Si potrebbe affermare che Lo zio indegno sia il canto del cigno della commedia all'italiana, uno spartiacque tra il cinema politico del passato e le pellicole disimpegnate degli anni a venire. È forse uno dei migliori resoconti di un'epoca più spensierata e felice dell'attuale, quegli anni Ottanta in cui un'Italia ottimista usciva dal tunnel del terrorismo e si scopriva nazione di successo all'apice del benessere. Riccardo è il simbolo di quella storia di successi: è titolare di una solida impresa, ha una villa zeppa di diavolerie elettroniche, guida l'ammiraglia Alfa 164, cena in ristoranti di lusso. Egli nasconde però un profondo male di vivere. Ecco perché il lungometraggio, pur non potendo definirsi "d'impegno", è solo all'apparenza leggero, come dimostra l'amaro finale. Non lo si può dunque completamente sciogliere da una connotazione, sia pur latamente, politica. Se infatti la politica è visione di vita e prassi dell'agire quotidiano, ne Lo zio indegno si contrappongono due punti di vista sul mondo, ciascuno portatore di una propria verità. Inevitabilmente l'antitesi è impersonata dai due granitici protagonisti, mentre gli altri personaggi si limitano a ruoli di contorno e quasi macchiettistici. La prospettiva da cui lo zio Luca guarda il mondo è teneramente anarchica, quasi innocente nel suo fantasticare. Viceversa, Riccardo è inquadrato negli schemi rigidi della rispettabilità borghese, che non ammette travalicamenti. Certo c'è il rovescio della medaglia: zio Luca è solo e quasi povero, costretto persino a illegali sotterfugi pur di tirare avanti, mentre Riccardo ha nella famiglia e nel denaro i monolitici punti di riferimento. L'occhio del regista indugia con delicatezza sui due caratteri, senza parteggiare per l'uno o per l'altro. Anzi, a dispetto di quello che si potrebbe pensare, Brusati è indulgente specialmente con il nipote Riccardo, cui si deve la drammatica rivelazione finale durante una telefonata con la moglie.
«Mi piaci tu, la mia casa, la mia famiglia, la mia religione, il lavoro, i soldi, mi piace tutto. Solo che forse, di vita ce n'era anche un'altra, chissà»
Il nipote riconosce che esiste un'altra via, un'esistenza più libera e meno assillata dalle ansie del quotidiano, quella che i suoi genitori e parenti avevano liquidato come “indegna”, ossia la vita dello zio Luca.
Ho preferito concentrarmi sul profilo ideologico del film, non essendo un critico cinematografico.

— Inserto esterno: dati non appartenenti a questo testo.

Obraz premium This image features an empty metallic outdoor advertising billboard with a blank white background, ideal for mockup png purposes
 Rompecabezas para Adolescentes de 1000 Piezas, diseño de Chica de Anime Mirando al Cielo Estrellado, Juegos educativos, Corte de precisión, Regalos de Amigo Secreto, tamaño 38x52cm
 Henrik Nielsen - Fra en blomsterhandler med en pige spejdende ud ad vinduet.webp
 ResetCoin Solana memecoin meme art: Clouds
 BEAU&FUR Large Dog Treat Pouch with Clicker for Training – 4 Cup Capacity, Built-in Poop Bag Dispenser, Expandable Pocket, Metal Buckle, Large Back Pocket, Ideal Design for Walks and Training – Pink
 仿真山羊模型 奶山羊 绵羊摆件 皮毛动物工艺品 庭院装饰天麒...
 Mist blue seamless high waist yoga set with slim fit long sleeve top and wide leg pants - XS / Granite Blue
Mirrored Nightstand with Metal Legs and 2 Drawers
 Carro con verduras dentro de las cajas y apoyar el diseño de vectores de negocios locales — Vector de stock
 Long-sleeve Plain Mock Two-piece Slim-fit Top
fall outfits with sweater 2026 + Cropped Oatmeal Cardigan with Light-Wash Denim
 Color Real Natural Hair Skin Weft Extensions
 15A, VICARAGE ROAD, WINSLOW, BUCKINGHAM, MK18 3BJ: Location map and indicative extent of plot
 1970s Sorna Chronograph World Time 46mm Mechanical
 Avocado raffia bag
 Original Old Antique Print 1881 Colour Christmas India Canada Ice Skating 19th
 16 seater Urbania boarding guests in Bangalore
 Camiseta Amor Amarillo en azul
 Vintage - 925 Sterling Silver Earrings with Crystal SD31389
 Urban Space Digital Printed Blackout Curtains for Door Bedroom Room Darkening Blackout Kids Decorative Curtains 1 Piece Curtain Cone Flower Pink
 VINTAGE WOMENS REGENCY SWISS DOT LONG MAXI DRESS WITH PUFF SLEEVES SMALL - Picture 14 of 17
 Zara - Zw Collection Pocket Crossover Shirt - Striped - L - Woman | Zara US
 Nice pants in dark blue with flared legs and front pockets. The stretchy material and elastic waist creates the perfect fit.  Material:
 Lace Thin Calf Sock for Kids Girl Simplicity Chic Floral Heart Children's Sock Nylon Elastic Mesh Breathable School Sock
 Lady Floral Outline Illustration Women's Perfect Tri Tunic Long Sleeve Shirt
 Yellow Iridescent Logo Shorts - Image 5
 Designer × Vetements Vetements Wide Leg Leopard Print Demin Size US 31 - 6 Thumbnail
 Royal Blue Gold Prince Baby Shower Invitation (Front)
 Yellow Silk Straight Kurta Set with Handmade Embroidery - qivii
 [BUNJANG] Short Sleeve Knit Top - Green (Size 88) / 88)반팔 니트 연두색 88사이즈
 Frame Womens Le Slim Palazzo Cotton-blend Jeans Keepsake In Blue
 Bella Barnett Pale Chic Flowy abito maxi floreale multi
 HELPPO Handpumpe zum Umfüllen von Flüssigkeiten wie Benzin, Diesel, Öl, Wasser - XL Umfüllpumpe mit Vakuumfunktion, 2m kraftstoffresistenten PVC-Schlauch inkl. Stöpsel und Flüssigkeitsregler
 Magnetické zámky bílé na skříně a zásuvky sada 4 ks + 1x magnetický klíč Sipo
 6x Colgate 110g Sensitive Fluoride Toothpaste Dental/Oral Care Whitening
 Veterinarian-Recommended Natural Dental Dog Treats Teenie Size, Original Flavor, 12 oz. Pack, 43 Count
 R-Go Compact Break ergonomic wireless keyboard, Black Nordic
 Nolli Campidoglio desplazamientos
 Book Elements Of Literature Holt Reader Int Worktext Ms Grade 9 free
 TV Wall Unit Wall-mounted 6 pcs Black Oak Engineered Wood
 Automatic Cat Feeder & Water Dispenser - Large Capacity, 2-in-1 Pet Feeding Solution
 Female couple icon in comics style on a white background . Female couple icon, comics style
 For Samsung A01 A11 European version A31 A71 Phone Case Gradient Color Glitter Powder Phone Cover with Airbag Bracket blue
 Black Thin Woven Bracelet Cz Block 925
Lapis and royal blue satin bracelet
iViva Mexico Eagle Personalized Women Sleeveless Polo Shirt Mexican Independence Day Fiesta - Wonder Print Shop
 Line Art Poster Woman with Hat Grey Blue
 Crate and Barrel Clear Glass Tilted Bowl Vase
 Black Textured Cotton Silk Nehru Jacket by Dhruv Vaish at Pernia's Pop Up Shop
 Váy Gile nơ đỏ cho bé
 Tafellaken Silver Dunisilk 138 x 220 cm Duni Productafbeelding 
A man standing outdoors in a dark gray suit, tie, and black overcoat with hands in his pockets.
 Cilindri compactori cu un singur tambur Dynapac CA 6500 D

In merito agli aspetti tecnici, mi limito a segnalare la magistrale interpretazione di Gassman e Giannini, semplicemente perfetti nel ruolo: le smorfie e le risate di Gassman sono il contraltare della serietà e dei sorrisi trattenuti di Giannini. Lo zio indegno, nonostante la comicità forzata di alcune scene, è una pellicola piacevole, che fa sorgere nello spettatore un drammatico interrogativo: nella vita avrei potuto scegliere un'altra strada?